Though many of the townsfolk in the narrative are implicated in but are not complicit to organized crime, they are mostly shown as acting like a mindless mob. And the police operatives (alluding to the real-life situation) slaughter them without discrimination and without distinguishing the private army from the crowd. The poor are conceived as a concept, as the object of a statement rather than as subjects of the historical situation, and the film narrates from the perspective of state authority.
Such a representation symptomatizes the comfortable bourgeois perspective that thinks of the poor as an undifferentiated mass without individuality. And it is in danger of reaffirming existing biases that are anti-poor, especially in a setting of collective spectatorship that erupts in fervid cheers at each killing. I myself have twice witnessed the kinetic energy in the movie theater, where excited audible responses were being made by people who presumably already agree with Matti’s politics and need not be “taught” by him.

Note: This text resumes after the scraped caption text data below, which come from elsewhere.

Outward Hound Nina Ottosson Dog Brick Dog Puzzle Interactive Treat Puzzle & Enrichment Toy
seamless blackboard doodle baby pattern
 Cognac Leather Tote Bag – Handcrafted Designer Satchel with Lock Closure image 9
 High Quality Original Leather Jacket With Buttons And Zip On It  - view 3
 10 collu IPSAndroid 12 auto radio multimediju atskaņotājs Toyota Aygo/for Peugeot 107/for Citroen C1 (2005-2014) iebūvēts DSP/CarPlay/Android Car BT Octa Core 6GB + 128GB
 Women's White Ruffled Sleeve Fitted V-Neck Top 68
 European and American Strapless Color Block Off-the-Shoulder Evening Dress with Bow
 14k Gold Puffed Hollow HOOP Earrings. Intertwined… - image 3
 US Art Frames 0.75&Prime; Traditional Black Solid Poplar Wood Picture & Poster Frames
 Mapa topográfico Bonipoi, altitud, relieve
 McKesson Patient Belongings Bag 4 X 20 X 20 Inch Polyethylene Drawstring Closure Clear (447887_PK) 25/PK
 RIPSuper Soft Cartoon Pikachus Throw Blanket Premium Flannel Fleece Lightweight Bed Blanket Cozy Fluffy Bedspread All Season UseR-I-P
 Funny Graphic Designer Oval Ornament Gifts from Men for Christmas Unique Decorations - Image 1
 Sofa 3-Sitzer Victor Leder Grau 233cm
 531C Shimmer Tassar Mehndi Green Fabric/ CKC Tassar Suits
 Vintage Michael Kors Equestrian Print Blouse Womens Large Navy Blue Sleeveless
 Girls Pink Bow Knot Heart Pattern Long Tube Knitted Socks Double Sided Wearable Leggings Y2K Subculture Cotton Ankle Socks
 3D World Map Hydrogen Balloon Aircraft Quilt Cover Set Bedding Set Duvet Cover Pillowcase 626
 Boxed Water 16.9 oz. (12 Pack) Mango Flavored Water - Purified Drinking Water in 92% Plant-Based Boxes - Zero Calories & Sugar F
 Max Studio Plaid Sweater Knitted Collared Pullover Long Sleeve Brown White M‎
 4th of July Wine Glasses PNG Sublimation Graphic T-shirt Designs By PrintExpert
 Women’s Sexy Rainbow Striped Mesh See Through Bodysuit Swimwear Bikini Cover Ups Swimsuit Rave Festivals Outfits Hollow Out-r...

The question remains, then, how cinema—genre cinema, “indie” cinema, political cinema—should be made in the age of tokhang. BuyBust addresses this cinematic dilemma and is arguably the best one to have come from the mainstream, thus far. But for us who live with the daily realities of violence, the film cannot mean much without our critical intervention, without our debates on its merits and implications, and without our stepping up and stepping out and doing something beyond the entertainment.
BUYBUST (2018) Direction: Erik Matti; Screenplay: Anton C. Santamaria, et al.; Producer: Veronique del Rosario-Corpus, et al.; Music: Malek Lopez, et al.; Cinematography: Neil Bion; Editing: Jay Halili; Production Design: Michael N. Espanol, et al.; Cast: Anne Curtis, Brandon Vera, Victor Neri, Arjo Atayde, Levi Ignacio, Alex Calleja, Lao Rodriguez, Joross Gamboa, Ricky Pascua, Nonie Buencamino, Sheen Gener, AJ Muhlach, Mara Lopez. Running Time: 127 mins.